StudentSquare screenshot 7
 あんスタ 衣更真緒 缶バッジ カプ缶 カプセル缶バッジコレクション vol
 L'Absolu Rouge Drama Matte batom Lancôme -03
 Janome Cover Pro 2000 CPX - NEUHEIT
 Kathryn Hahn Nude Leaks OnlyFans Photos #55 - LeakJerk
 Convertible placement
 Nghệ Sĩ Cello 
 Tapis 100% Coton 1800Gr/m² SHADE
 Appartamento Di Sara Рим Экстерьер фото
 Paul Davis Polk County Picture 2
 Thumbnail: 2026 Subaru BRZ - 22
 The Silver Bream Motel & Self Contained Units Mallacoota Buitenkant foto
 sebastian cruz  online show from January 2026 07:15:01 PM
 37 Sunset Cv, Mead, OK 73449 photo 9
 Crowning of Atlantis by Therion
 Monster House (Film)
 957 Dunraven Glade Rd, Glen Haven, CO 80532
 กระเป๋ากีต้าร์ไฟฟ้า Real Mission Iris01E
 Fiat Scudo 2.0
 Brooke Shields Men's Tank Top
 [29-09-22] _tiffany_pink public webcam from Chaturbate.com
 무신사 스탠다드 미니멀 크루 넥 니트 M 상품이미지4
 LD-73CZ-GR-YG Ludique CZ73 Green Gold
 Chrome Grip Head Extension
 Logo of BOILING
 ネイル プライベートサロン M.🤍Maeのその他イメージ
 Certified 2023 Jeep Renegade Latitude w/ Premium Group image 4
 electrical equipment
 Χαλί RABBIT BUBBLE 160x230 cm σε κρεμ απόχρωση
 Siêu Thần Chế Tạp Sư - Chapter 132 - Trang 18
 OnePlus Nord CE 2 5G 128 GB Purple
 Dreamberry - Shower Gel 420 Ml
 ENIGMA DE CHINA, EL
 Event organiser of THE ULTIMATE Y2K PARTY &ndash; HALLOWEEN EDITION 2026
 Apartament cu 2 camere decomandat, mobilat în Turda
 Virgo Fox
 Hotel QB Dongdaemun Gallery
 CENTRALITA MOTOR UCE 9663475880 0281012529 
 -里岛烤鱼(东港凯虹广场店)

_Description of the task_
Look through the entries for lines containing the word "from" and return each one.

_Answer area_
 sebastian cruz  online show from January 2026 07:15:01 PM
 [29-09-22] _tiffany_pink public webcam from Chaturbate.com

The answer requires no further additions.